Work task:
The records should be repeated word for word, pictures excluded.

Captioned web images:

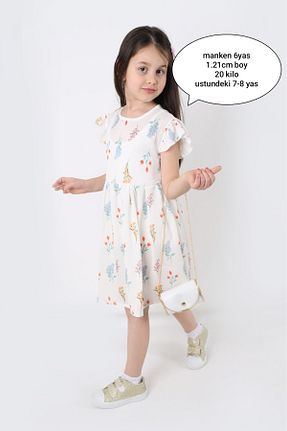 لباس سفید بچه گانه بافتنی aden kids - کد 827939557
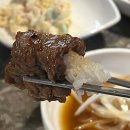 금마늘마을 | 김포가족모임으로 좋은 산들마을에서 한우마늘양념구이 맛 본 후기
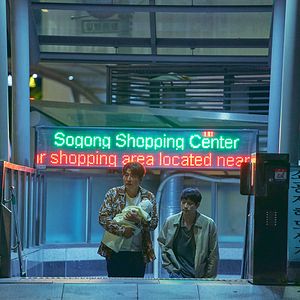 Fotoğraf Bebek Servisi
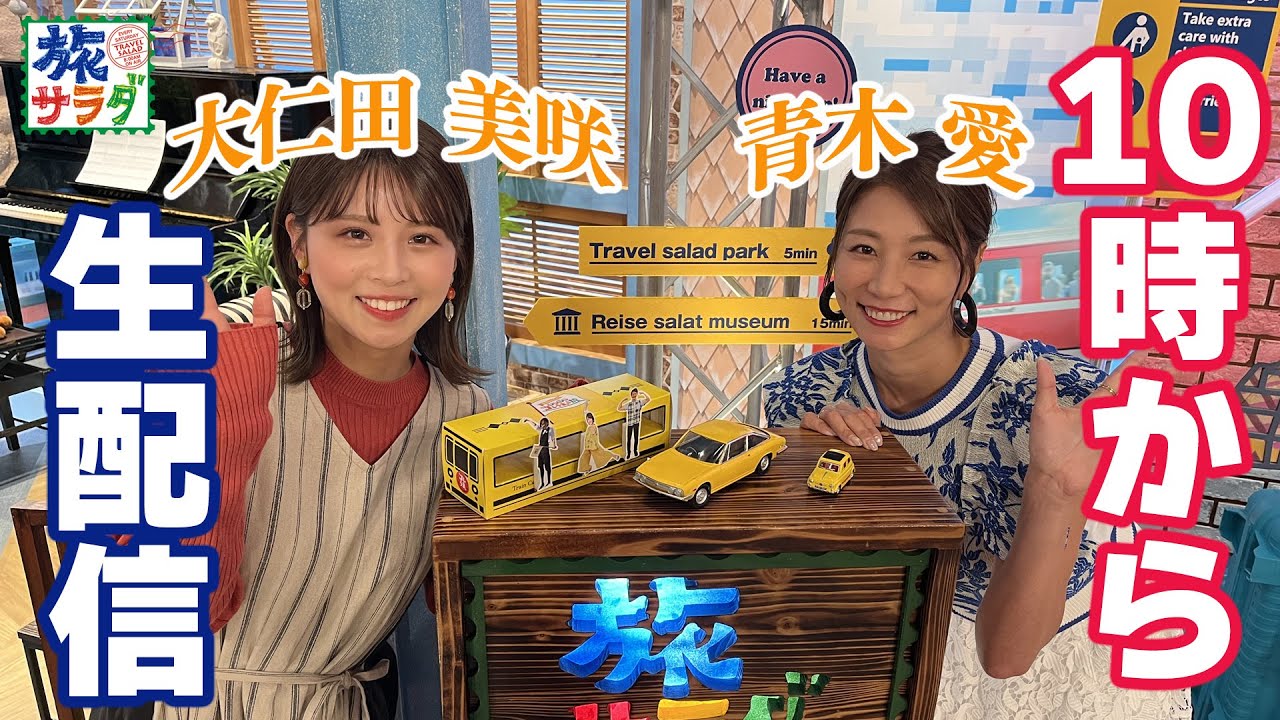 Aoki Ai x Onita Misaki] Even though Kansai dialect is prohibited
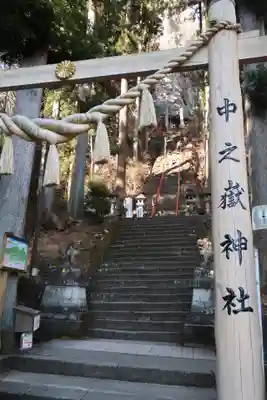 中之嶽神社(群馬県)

Solution:
 لباس سفید بچه گانه بافتنی aden kids - کد 827939557
 금마늘마을 | 김포가족모임으로 좋은 산들마을에서 한우마늘양념구이 맛 본 후기
 Fotoğraf Bebek Servisi
 Aoki Ai x Onita Misaki] Even though Kansai dialect is prohibited
 中之嶽神社(群馬県)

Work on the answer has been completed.